Der Hotspot der linksextremen Szene in Friedrichshain gilt als brandgefährlich. Das teilbesetzte Haus der Rigaer Straße 94 wurde von Bewohnern regelrecht verbarrikadiert, offenbar mit Duldung des zuständigen Baustadtrats Florian Schmidt (Grüne), der jahrelang per Weisung verhindert haben soll, dass Beamte der bezirklichen Bauaufsicht wegen der Verstöße gegen den Brandschutz einschreiten konnten.
Schmidt selbst rechtfertigte sein Vorgehen mit einer „Ermessensentscheidung“, unterstützt von Bezirksbürgermeisterin Monika Herrmann (Grüne). Doch trotz der schweren Vorwürfe, die sich auf Unterlagen des Bezirksamts stützen und durch Recherchen des RBB bekannt wurden, hat die Bezirksverordnetenversammlung Friedrichshain-Kreuzberg (BVV) dem umstrittenen Grünen-Politiker am Donnerstagabend zunächst Rückendeckung gegeben.
Einer Resolution, mit der die zweiköpfige Gruppe der FDP den Rücktritt Schmidts als Baustadtrat forderte, erteilte die Mehrheit der BVV eine Absage. „Mit der Verhinderung der Durchsetzung von bauordnungsrechtlichen Maßnahmen und des Brandschutzes hat Florian Schmidt eine weitere Grenze überschritten“, hieß es in der von der FDP-Gruppe eingebrachten Resolution.
Doch eine Überweisung des Antrags in den Stadtplanungsausschuss scheiterte an den Gegenstimmen der Bezirksverordneten von Linken und Grünen, SPD, CDU und die Partei enthielten sich. Obwohl das Bezirksamt seit 2016 dazu aufgefordert wurde, die Brandschutzmängel zu beheben, habe man „die schützende Hand über die Rigaer 94 gehalten“, kritisierte Antragsteller Michael Heihsel. Der Baustadtrat habe weder Respekt vor dem Gesetz noch vor der BVV, deswegen forderte der FDP-Verordnete dessen „würdevollen Rücktritt“.
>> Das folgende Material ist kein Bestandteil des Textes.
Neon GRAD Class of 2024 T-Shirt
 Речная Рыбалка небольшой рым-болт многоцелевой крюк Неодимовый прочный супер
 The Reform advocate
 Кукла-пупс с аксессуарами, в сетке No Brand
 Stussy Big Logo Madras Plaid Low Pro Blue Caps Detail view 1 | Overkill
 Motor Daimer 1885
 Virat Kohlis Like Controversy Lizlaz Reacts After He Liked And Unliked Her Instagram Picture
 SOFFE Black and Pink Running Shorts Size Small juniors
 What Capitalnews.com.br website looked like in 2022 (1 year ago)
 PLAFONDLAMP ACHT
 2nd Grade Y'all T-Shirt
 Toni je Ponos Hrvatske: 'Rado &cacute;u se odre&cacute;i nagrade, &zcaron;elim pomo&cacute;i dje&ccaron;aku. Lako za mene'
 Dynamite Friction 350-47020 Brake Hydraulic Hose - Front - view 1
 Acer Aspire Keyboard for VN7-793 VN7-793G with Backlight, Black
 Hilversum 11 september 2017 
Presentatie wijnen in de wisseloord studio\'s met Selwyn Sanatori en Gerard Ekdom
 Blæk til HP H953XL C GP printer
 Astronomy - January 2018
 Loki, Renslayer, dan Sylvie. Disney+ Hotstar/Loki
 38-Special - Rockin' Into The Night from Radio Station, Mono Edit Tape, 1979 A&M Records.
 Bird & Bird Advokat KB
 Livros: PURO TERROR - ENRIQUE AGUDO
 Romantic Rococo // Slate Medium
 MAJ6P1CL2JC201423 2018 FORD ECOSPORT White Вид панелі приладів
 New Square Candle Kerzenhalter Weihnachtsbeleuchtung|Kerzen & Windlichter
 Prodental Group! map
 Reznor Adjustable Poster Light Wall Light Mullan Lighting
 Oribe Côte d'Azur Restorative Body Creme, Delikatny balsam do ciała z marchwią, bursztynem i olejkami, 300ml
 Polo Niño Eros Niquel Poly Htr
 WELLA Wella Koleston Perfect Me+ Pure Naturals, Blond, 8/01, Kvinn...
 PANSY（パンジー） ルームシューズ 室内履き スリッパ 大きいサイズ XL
Liberale sprechen Schmidt den Respekt vor dem Gesetz ab
„Wir wollen uns erst selbst ein Bild machen“, entgegnete der SPD-Fraktionsvorsitzende Sebastian Forck. So habe die SPD für den Stadtplanungsausschuss Einsicht in die Akten zur Brandschutzaffäre beantragt. „Die Fakten liegen noch nicht auf dem Tisch“, begründete Forck die Enthaltung seiner Partei und verwies auch auf die Ergebnisse des Landesrechnungshofes zur Aktenuntreue der „Diese eG“, die am 5. Oktober vorliegen sollen. Darauf werde man die Entscheidung eines erneuten Misstrauens basieren.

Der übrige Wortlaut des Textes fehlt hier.